名古屋で見かけた50年前までの嫁入り風景は、豪華だった。まず服部家具で購入された嫁入り道具一式は、嫁の実家に運ばれご近所にお披露目される。姉の嫁入り前に寝るところが無くなった記憶があり、この儀式は40坪弱の住宅に酷な習慣だった。そして結婚式近くの吉日にトラック2台連ね、嫁ぎ先へ家具が運ばれる。
トラックは一台でも十分なのだが、なぜか二台に家具を分けてそれを紅白の幕で覆い徐行運転でしばらく走る。三番目の姉の時はこのような儀式が無くなっていたから、おそらく一家庭当たりの家具屋の売り上げもこの頃から下がっていった、と思われる。

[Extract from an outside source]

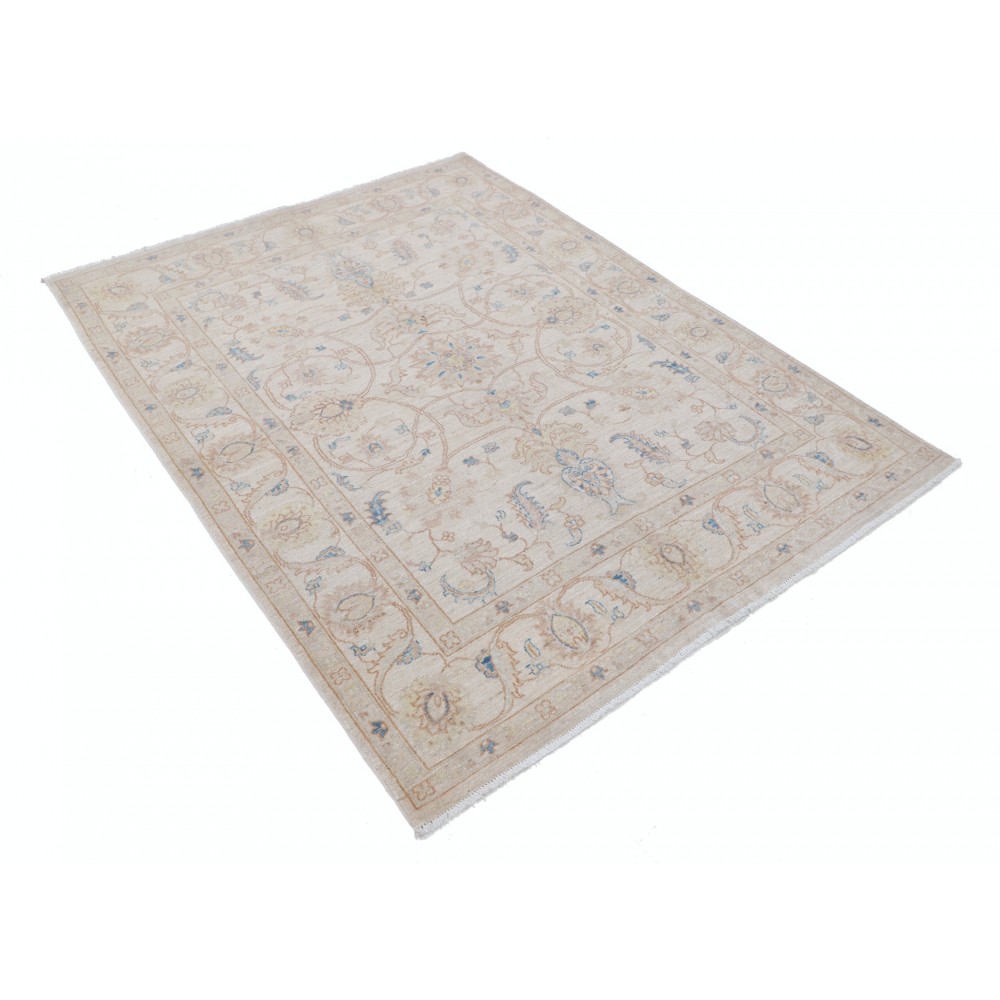 Hand Knotted Turkish Rug | Timeless Home Decor | Beige Wool Rug with Floral Design Hand Knotted Turkish Rug | Timeless Home Decor | Beige Wool Rug with Floral Design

当方の時代には、新婚生活をスタートしたマンションにクローゼットなどがあり、購入した家具は少なかった。それでもその時購入した3本のタンスについて、一戸建てを新築した時にどうしようか迷った。家具の多くは家具屋ではなく住宅メーカーが用意してくれるのだ。ただそれでも食卓のテーブルは少し良いもを買おうと大塚家具に出向いたりした。

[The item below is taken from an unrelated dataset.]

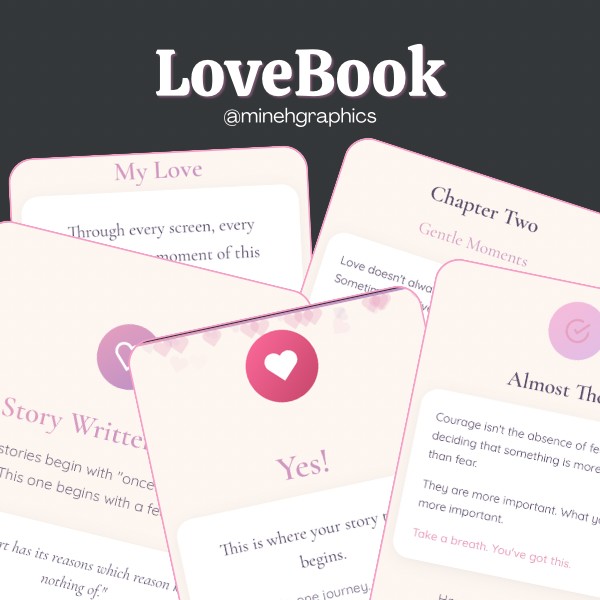 LoveBook - Interactive Proposal Website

20年前でも家具屋と言えば名古屋では服部家具だが東京では大塚家具だった。しかし昔服部家具で見かけたにぎやかさは既になく、ただつきまとう店員がわずらわしかった。結局購入した店は、自由に品物を見ることができた島忠である。しかしその島忠の店舗も再編され、近所には無くなった。
10年前豊川へ単身赴任が決まった際に牛久保駅近くにアパートを借りた。牛久保駅近くには昔中小の家具問屋が軒を連ね、休日には賑わっていた町だ。子供の頃、親に連れられ歩いた記憶があり、そのさびれた光景に驚いた。
企業の盛衰は50年、という本を40年前読んだが、今や10年ではないか。少なくとも5年間のビジョンを立ててイノベーションを心がけないと、あっという間に倒産する時代である。イノベーションが手遅れになると生き残りは大変だ。